Machine Learning Case Study: Credit Card Fraud Detection

In this article, I demonstrate how to execute a machine learning problem, end to end.

Puja P. Pathak
CodeX
7 min readFeb 12, 2022

--

Photo credits — Stephen Phillips on Unsplash

It would not be wrong to say that payment cards like credit/debit cards have become a lifeline for almost all of us. Credit cards are an attractive spending option because, you spend the money, but have to technically pay later for it. With the Buy Now Pay Later phenomenon gaining traction, the number of customers adopting this method of spending is increasing day by day.

Plus, these spending options come with attractive cash backs and credit points, which you can further use to convert to cash or buy stuff. Moreover, nowadays, the competition in this segment has become intense, with new FinTech players introducing many agile and hassle-free spending options.

But with the ease of spending comes responsibility and a whole lot of scenarios where your payment cards become susceptible to frauds. When money on a payment card is stolen by unfair means or dishonest means it is called as a fraud. Various ways of committing this fraud are Skimming machines, tampering genuine cards, creation of counterfeit cards, stealing the cards, marketing fraud, etc.

With the help of machine learning models, fraud triggers can be identified and trackers can be built. These trackers, can track such frauds and help mitigate them, real time.

This is an interesting Machine Learning Case Study where I will demonstrate how a real world problem like Credit Card fraud can be detected and what are the triggers for it. By identifying such triggers banks and financial institutions can put checks at proper places which may help them reduce the number of fraud occurrences.

So let’s dive straight into the data set. This dataset was taken from Kaggle. All the details and code are present in my GitHub profile on the link given at the end of this article.

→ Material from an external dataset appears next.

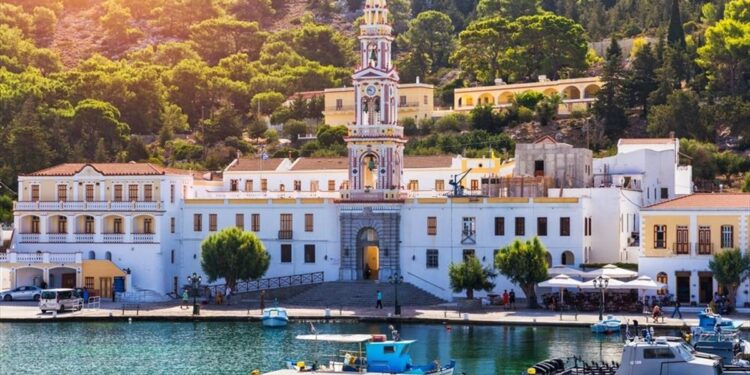 Η Μονή του Πανορμίτη στη Σύμη: Ένας πνευματικός φάρος στο Αιγαίο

We need to develop a machine learning model to detect fraudulent transactions based on the historical transactional data of customers with a pool of merchants.

Flow of Analysis

1. Import the required libraries
2. Read and understand the data
3. Data clean-up and preparation
4. Exploratory Data Analysis
5. Model building
6. Hyperparameters Tuning

  1. Import the required libraries

2. Read and understand the data

The data is provided as train and test sets separately.

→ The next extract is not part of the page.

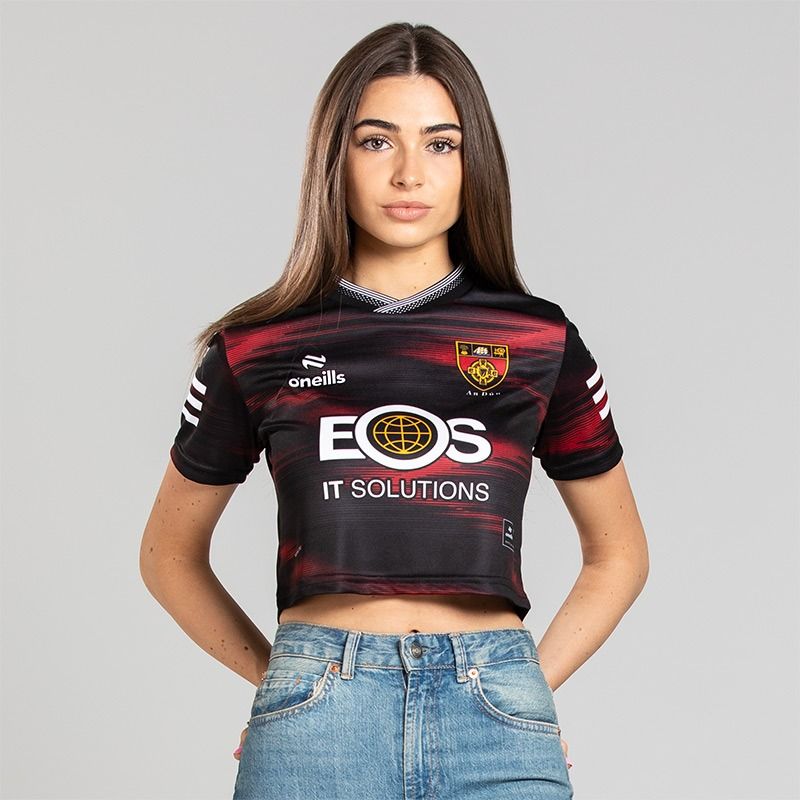 O’Neills Down Women’s Fit Training Top 2026 in a Cropped Modern Fit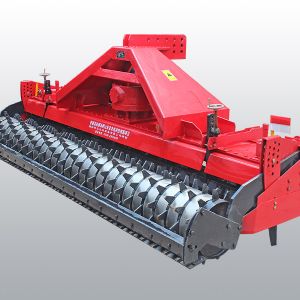 动力驱动耙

Same columns are present in both train and test sets

Our target variable is is_fraud.

3. Data Cleaning and Preparation

On analysing the train and test sets, it was found that both the data sets are imbalanced. So I need to concatenate both the data sets to make a master data set. I call this data set as ‘data’.

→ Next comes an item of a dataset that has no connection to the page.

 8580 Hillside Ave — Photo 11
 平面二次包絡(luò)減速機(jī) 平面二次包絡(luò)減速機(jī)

The data set is clean, meaning there are no missing values. I dropped some unwanted columns like ‘Unnamed: 0’, ‘cc_num’, ‘street’, ‘zip’, ‘trans_num’, ‘unix_time’. I added certain columns based on the present data, like calculating distance between the customer location and merchant location based on the customer and merchant latitude and longitude co-ordinates. Also, I formed buckets for various numeric columns like age_group from calculated age column, population groups from city_pop etc. Extracted hour, day, month, year etc. information from trans_date_trans_time column.

4. Exploratory Data Analysis

is_fraud variable class distribution

As we can see, the dataset is imbalanced, with 0.52% of transactions being fraudulent (represented by 1) and 99.48% transactions being non-fraudulent (represented by 0).

I performed univariate, bivariate and multivariate analysis on the data. Following are some of the graphs from the EDA.

Univariate Analysis
Bivariate Analysis
Multivariate Analysis

Checking Skewness in the data : In univariate analysis, it was found that the ‘amt’ column is skewed to the left. So I used, the power transform method, to normalize it.

amt column in first image

5. Model building

Train-Test split is performed in the ratio 70:30, in order to create the train and test sets.

Dummy variables are created for categorical columns.

MinMaxScaler is used to perform scaling.

I used random forests to perform feature selection of the most important features. 19 features were selected.

Now, since the data has imbalance, we need to use certain sampling techniques in order to balance the classes 0 and 1 in the target variable is_fraud.

We can handle imbalanced classes, by increasing minority or decreasing majority class. This can be done by using the following few techniques :

  1. Random Under-Sampling
  2. Random Over-Sampling
  3. SMOTE — Synthetic Minority Oversampling Technique
  4. ADASYN — Adaptive Synthetic Sampling Method
  5. SMOTETomek — Over-sampling followed by under-sampling

Undersampling technique reduces the number of data points in the data in order to achieve the class balance. This results in loss of information. So it is usually not preferred. I have used Random Over-Sampling, SMOTE — Synthetic Minority Oversampling and ADASYN — Adaptive Synthetic Sampling methods.

I selected 4 models, starting from the very simple Logistic Regression. Then I built the Decision Trees. Finally the ensemble techniques like XGBoost and Random Forests.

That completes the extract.